Content starts

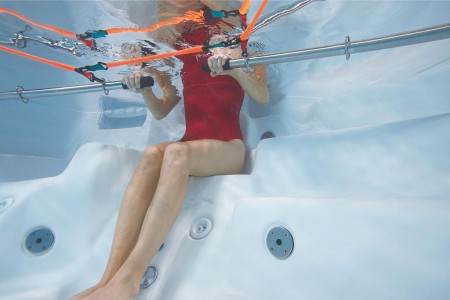 AquaFit swim spa female rowing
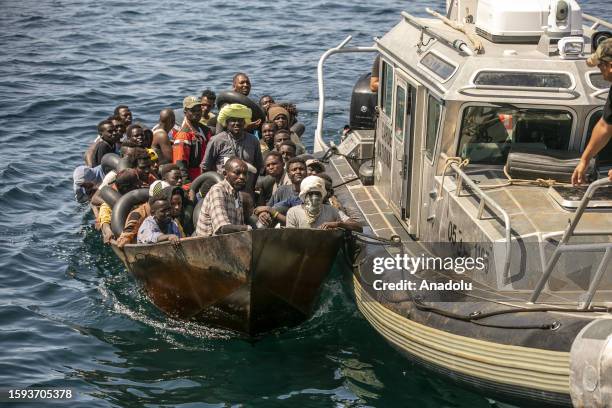 Irregular migrants are seen on the boat as an operation is carried out by the Tunisian National Guard against the migrants who want to reach Europe...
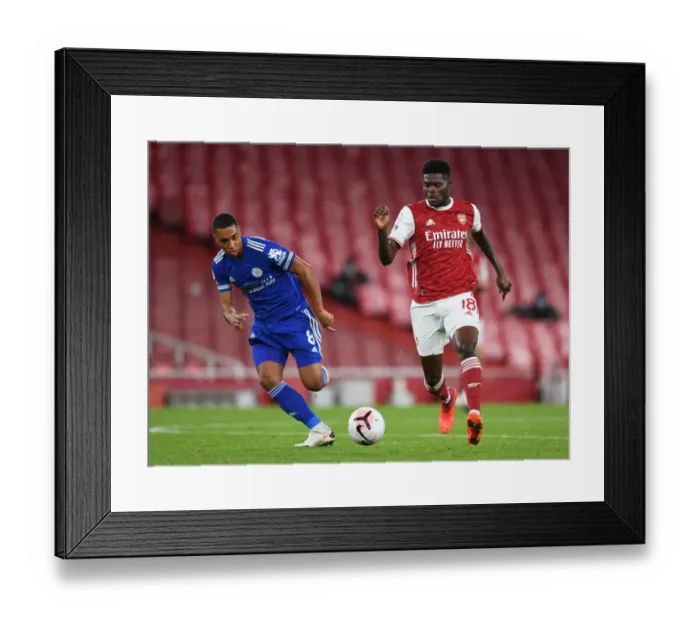 Framed Print : Clash of Midfield Titans: Partey vs Tielemans - Arsenal vs Leicester City, Premier League 2020-21 (Empty Emirates Stadium)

Content ends

* _Goal of the exercise_: Drop the pictures, then transcribe the lines from the one containing "Irregular migrants are" to the end of the data above, exactly and nothing more.

* _Exercise solution_:
 Irregular migrants are seen on the boat as an operation is carried out by the Tunisian National Guard against the migrants who want to reach Europe...
 Framed Print : Clash of Midfield Titans: Partey vs Tielemans - Arsenal vs Leicester City, Premier League 2020-21 (Empty Emirates Stadium)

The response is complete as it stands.